- **Supplied material**:
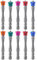 Gasea 10pcs Destornillador de Anillo de Color Phillips, Cabeza de Acero Magnética de Cruz PH2 Puntas de Phillips de Destornillador Bits
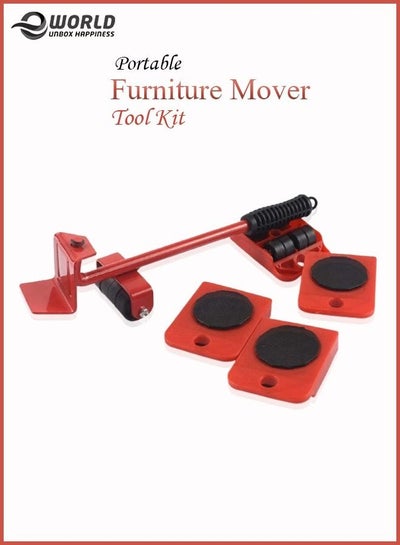 Furniture Lifting tool kit set with 4-piece Casters rotatable Pads for Couches and home appliances,  hold up to 150 Kgs.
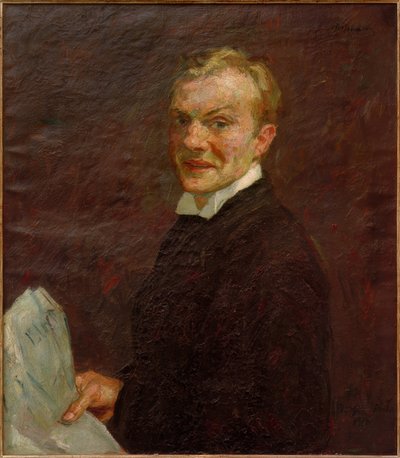 Self-Portrait (Laughing) by Max Beckmann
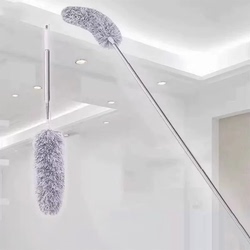 除尘掸可伸缩鸡毛掸子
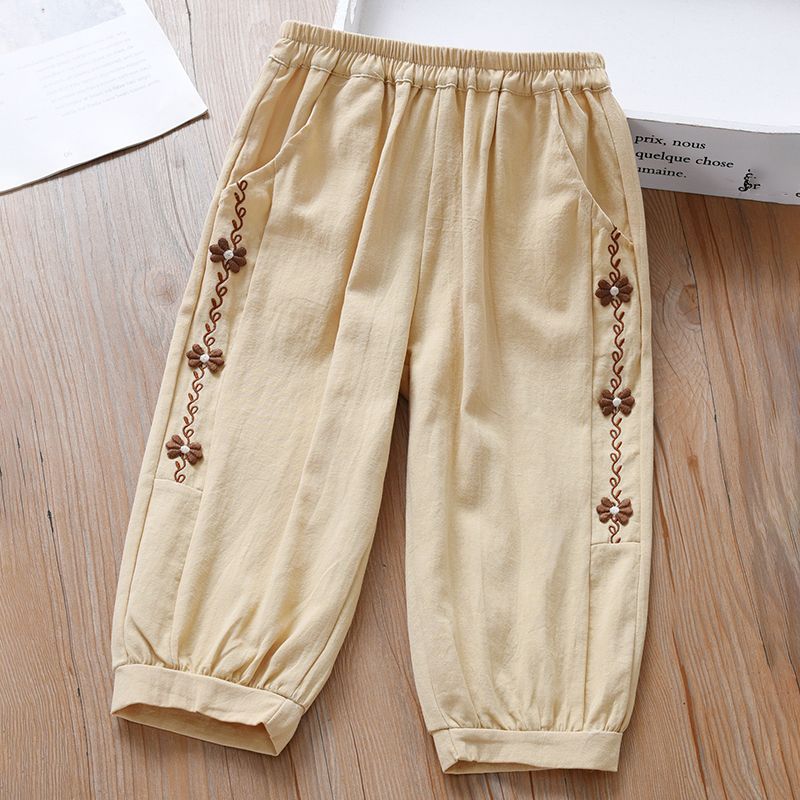 Укороченные брюки для девочек на лето, тонкий дизайн для малышей, новый стиль для детских малышей, хлопок для летней одежды для девочек 140 хаки
Укороченные брюки для девочек на лето, тонкий дизайн для малышей, новый стиль для детских малышей, хлопок для летней одежды для девочек 140 хаки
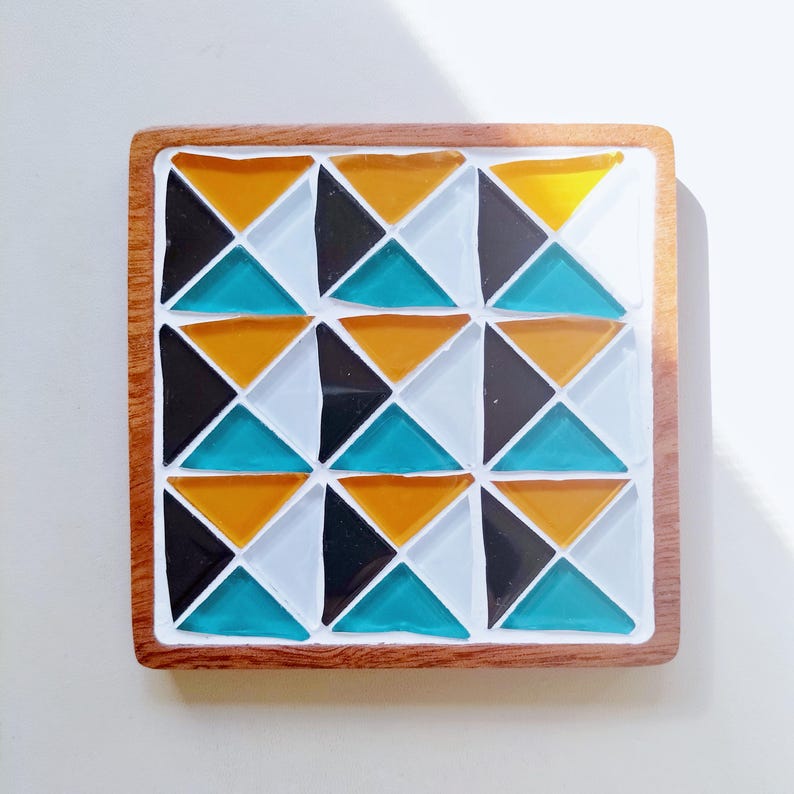 Mosaic kit diy coaster kit for adults craft kit make your own coaster arts and crafts kit for teen stained glass kit for beginner mosaic kit image 11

- **Exercise details**:
Repeat the listing verbatim without its pictures.

- **Answer box**:
 Gasea 10pcs Destornillador de Anillo de Color Phillips, Cabeza de Acero Magnética de Cruz PH2 Puntas de Phillips de Destornillador Bits
 Furniture Lifting tool kit set with 4-piece Casters rotatable Pads for Couches and home appliances,  hold up to 150 Kgs.
 Self-Portrait (Laughing) by Max Beckmann
 除尘掸可伸缩鸡毛掸子
 Укороченные брюки для девочек на лето, тонкий дизайн для малышей, новый стиль для детских малышей, хлопок для летней одежды для девочек 140 хаки
Укороченные брюки для девочек на лето, тонкий дизайн для малышей, новый стиль для детских малышей, хлопок для летней одежды для девочек 140 хаки
 Mosaic kit diy coaster kit for adults craft kit make your own coaster arts and crafts kit for teen stained glass kit for beginner mosaic kit image 11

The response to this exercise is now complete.